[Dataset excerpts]
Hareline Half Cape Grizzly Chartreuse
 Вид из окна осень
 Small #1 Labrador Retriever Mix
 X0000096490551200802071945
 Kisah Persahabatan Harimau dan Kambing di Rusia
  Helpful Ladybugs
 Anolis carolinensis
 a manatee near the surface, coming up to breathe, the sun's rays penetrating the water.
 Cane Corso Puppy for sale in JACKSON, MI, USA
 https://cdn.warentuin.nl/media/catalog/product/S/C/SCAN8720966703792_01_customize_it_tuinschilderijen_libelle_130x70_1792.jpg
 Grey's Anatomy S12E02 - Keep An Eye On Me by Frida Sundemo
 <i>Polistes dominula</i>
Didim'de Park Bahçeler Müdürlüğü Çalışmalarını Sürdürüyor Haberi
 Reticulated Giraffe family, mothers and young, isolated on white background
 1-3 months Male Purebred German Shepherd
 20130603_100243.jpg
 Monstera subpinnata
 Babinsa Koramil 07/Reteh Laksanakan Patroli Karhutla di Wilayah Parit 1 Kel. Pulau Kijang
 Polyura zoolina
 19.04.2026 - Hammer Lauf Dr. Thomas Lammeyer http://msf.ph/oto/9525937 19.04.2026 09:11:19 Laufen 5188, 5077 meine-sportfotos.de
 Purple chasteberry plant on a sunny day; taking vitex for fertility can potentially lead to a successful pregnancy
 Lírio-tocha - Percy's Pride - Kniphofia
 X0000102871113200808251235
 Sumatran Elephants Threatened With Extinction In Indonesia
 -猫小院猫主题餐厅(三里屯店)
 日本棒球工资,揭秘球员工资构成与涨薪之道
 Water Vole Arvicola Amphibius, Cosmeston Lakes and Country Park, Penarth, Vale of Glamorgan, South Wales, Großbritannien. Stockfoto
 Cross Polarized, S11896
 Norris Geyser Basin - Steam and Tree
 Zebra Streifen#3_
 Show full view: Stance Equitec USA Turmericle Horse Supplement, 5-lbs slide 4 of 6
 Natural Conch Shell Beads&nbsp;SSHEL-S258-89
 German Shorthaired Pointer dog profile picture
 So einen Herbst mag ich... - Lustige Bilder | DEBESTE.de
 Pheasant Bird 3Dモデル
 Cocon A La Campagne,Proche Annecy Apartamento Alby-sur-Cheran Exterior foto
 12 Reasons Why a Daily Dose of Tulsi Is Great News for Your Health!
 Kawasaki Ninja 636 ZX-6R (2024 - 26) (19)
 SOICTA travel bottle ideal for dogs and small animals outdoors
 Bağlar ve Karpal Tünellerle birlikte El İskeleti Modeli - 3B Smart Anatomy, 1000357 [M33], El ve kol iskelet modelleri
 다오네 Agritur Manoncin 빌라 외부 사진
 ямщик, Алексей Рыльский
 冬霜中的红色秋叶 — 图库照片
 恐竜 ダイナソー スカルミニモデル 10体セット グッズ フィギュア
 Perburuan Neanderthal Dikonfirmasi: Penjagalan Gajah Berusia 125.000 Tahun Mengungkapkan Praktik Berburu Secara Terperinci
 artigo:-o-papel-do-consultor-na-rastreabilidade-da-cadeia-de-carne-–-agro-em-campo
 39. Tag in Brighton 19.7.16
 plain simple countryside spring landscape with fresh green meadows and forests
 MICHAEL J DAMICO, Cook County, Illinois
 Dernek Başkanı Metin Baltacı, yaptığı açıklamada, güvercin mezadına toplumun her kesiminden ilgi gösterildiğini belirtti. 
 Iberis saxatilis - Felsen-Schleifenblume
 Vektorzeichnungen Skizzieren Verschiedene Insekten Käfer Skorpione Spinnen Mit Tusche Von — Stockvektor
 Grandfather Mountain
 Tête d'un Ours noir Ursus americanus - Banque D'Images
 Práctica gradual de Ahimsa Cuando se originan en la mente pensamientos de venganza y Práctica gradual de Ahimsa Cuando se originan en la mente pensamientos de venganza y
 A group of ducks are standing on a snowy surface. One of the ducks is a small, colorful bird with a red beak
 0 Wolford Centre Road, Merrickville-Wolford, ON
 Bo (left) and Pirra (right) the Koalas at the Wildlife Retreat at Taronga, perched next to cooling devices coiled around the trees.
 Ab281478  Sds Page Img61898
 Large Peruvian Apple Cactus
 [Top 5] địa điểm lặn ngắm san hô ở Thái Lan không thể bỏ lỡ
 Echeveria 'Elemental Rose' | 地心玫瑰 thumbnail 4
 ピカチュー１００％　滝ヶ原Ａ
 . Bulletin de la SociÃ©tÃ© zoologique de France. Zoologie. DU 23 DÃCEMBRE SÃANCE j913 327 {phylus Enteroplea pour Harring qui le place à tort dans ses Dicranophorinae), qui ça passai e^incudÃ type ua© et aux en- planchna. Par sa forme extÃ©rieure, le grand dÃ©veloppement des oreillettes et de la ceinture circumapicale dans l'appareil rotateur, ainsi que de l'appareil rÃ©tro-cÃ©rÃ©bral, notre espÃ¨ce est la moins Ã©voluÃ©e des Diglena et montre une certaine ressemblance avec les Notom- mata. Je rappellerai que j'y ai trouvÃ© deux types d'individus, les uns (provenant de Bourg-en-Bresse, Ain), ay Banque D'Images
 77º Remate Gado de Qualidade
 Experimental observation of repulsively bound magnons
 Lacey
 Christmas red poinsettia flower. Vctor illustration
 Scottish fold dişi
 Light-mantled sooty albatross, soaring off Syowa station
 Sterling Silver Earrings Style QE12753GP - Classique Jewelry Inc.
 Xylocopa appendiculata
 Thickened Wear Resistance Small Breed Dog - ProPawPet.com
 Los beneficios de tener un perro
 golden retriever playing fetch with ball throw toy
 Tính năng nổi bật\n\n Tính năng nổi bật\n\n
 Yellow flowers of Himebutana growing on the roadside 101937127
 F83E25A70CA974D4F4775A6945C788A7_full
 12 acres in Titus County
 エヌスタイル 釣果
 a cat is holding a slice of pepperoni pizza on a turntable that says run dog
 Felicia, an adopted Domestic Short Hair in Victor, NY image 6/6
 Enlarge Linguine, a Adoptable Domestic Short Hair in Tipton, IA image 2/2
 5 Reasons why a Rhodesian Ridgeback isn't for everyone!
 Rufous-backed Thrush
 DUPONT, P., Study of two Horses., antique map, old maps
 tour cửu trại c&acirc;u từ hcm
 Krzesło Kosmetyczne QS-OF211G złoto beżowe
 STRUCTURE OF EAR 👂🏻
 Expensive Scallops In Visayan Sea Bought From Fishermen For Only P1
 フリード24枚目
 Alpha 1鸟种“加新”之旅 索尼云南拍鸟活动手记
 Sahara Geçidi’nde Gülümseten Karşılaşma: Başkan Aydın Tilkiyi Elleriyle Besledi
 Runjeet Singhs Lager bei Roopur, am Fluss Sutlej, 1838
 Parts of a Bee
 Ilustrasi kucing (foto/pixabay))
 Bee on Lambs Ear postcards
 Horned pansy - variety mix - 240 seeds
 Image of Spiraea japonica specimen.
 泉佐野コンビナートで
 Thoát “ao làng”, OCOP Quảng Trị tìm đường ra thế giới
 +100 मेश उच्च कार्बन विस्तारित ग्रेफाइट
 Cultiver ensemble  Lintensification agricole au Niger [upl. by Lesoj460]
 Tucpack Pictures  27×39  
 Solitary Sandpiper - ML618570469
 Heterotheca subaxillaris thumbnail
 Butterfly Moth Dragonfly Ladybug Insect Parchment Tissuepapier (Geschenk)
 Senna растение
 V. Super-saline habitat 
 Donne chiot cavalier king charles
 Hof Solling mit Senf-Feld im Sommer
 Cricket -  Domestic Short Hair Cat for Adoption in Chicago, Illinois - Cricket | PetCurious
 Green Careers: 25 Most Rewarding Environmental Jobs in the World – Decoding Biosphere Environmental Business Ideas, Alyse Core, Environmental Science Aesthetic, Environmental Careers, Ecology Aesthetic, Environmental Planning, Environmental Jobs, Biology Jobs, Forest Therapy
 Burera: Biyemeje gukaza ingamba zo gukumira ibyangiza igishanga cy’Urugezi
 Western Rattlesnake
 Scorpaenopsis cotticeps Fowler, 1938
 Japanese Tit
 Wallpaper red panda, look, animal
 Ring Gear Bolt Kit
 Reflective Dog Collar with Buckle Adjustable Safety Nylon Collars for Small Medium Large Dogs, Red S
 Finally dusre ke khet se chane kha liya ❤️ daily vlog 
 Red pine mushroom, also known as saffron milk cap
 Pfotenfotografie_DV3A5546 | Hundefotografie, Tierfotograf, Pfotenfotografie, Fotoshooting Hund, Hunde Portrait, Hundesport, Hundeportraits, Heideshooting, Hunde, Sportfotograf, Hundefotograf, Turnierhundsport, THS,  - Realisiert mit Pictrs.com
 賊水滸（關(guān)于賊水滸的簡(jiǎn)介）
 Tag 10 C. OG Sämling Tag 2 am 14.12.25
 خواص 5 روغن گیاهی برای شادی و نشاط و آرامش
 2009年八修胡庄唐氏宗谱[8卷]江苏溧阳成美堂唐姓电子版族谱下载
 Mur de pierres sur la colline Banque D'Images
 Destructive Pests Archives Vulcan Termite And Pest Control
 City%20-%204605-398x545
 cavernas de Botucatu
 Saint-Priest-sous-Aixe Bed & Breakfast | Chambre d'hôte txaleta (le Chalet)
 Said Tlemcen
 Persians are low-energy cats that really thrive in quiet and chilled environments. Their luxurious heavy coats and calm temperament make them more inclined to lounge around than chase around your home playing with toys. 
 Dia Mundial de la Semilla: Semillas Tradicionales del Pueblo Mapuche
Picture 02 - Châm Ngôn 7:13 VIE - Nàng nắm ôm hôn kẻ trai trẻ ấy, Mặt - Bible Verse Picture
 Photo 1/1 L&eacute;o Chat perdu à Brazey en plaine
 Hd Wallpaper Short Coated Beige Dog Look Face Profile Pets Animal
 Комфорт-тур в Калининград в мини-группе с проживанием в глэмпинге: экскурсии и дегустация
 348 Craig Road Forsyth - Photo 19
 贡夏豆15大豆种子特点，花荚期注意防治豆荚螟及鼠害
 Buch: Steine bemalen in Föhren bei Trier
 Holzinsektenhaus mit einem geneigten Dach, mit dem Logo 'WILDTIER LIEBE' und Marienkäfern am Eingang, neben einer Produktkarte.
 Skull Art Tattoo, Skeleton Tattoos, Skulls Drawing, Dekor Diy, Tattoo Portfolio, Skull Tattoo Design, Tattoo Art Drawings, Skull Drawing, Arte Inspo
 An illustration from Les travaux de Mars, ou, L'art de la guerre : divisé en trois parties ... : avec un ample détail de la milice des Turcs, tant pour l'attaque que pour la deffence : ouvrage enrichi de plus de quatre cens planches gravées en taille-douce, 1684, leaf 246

_Exercise brief:_ Copy out every line of the data in which the word "County" is found.

_Expected answer:_
 MICHAEL J DAMICO, Cook County, Illinois
 12 acres in Titus County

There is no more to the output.